Nothing daunted, the number of Sabbath keepers increased. In a letter by Edward Stennet (between 1668 and 1670), it is stated.
"Here in England are about nine or ten churches that keep the Sabbath, besides many scattered disciples, who have been eminently preserved in this tottering day, when many once eminent churches have been shattered in pieces."—Cox, "Sabbath Literature," Vol. I, p. 268.
Francis Bampfield was formerly an influential minister of the Church of England, and prebendary of Exeter Cathedral, but later pastor of a Sabbath-keeping congregation meeting in the Pinners Hall, off Broad Street, near the Bank of England. Calamy said of him:
"He was one of the most celebrated preachers in the west of England, and extremely admired by his hearers, till he fell into the Sabbatarian notion, of which he was a zealous asserter."—"Non-Conformist Memorial," Vol. II, p. 152.

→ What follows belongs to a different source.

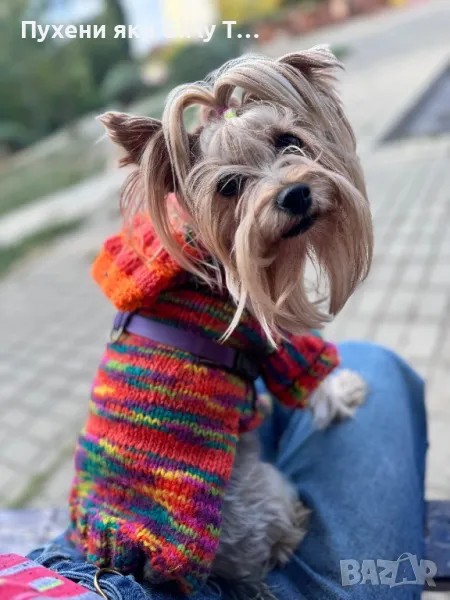 Плетена дрешка за куче по Индивидуален размер Различни цветове , снимка 1
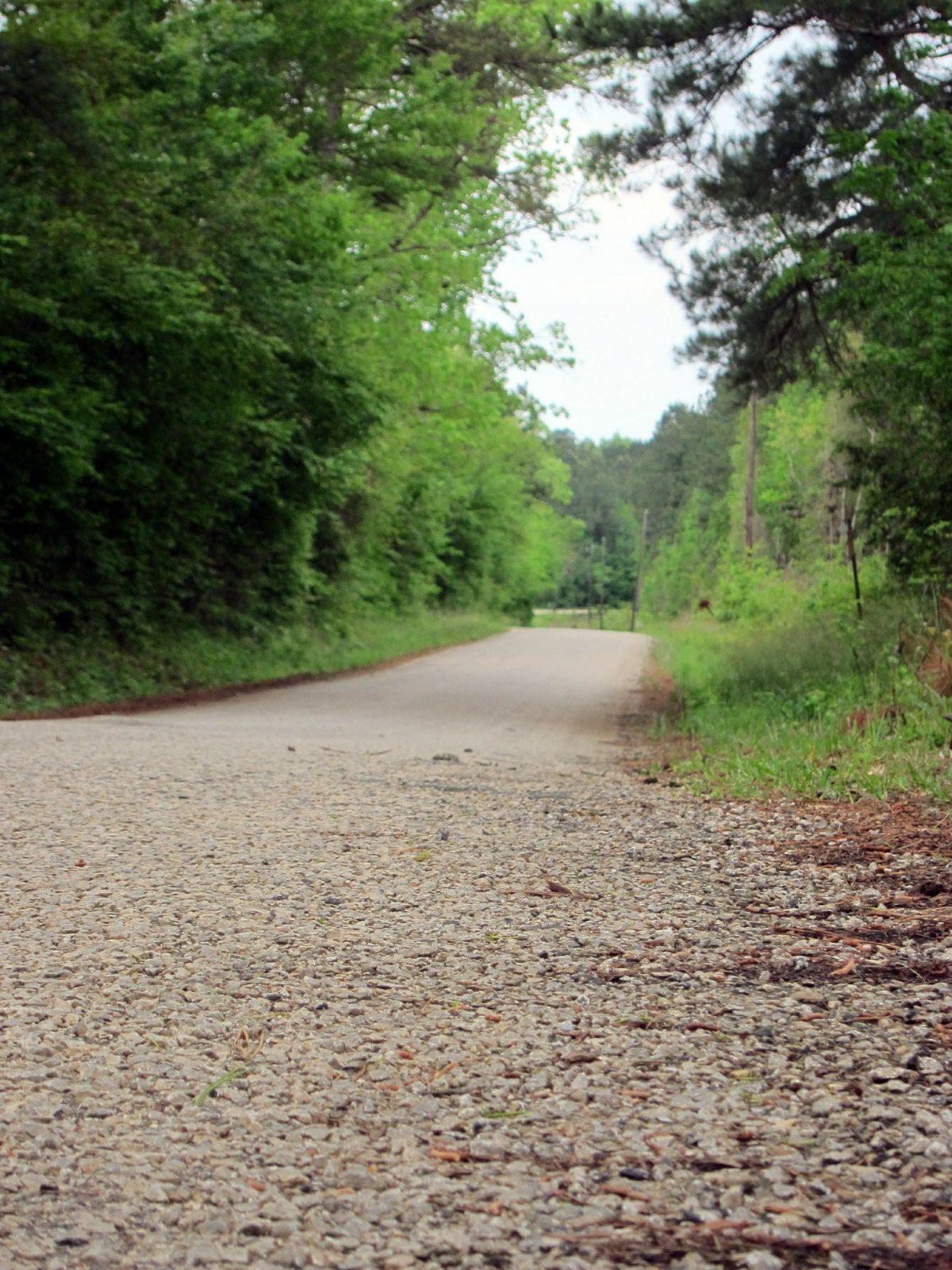 A section of Huff Creek Road, where James Byrd Jr. was dragged to death by three white men in Jasper, Texas, photo taken on April 12, 2019. (Juan Lozano/AP)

He was arrested while in the pulpit preaching, and in 1683 died of hardships in Newgate prison, for the Sabbath of the Lord. An old writer says that his body was followed to burial by "a very great company of factious and schismatical people;" in other words, dissenters from the state church.
Thomas Bampfield, his brother, Speaker of the House of Parliament at one time, under Cromwell, published a book in defense of the Sabbath of the Lord. In fact, many published the truth in this manner, and doctors of divinity and even bishops wrote replies.
"Sabbatarian Baptists," these English witnesses to God's Sabbath were first called in those times, and then "Seventh Day Baptists." In 1664 Stephen Mumford, from one of these London congregations, was sent over to New England. He settled in Rhode Island, where the Baptist pioneer of religious liberty, Roger Williams, had founded his colony. In 1671 the first Sabbatarian church in America was formed in Rhode Island. Evidently this movement created a stir; for the report went over to England that the Rhode Island colony did not keep the "Sabbath"—meaning Sunday. Roger Williams wrote to his friends in England denying the report, but calling attention to the fact that there was no Scripture for "abolishing the seventh day," and adding:
"You know yourselves do not keep the Sabbath, that is the seventh day."—"Letters of Roger Williams," Vol. VI, p. 346 (Narragansett Club Publications).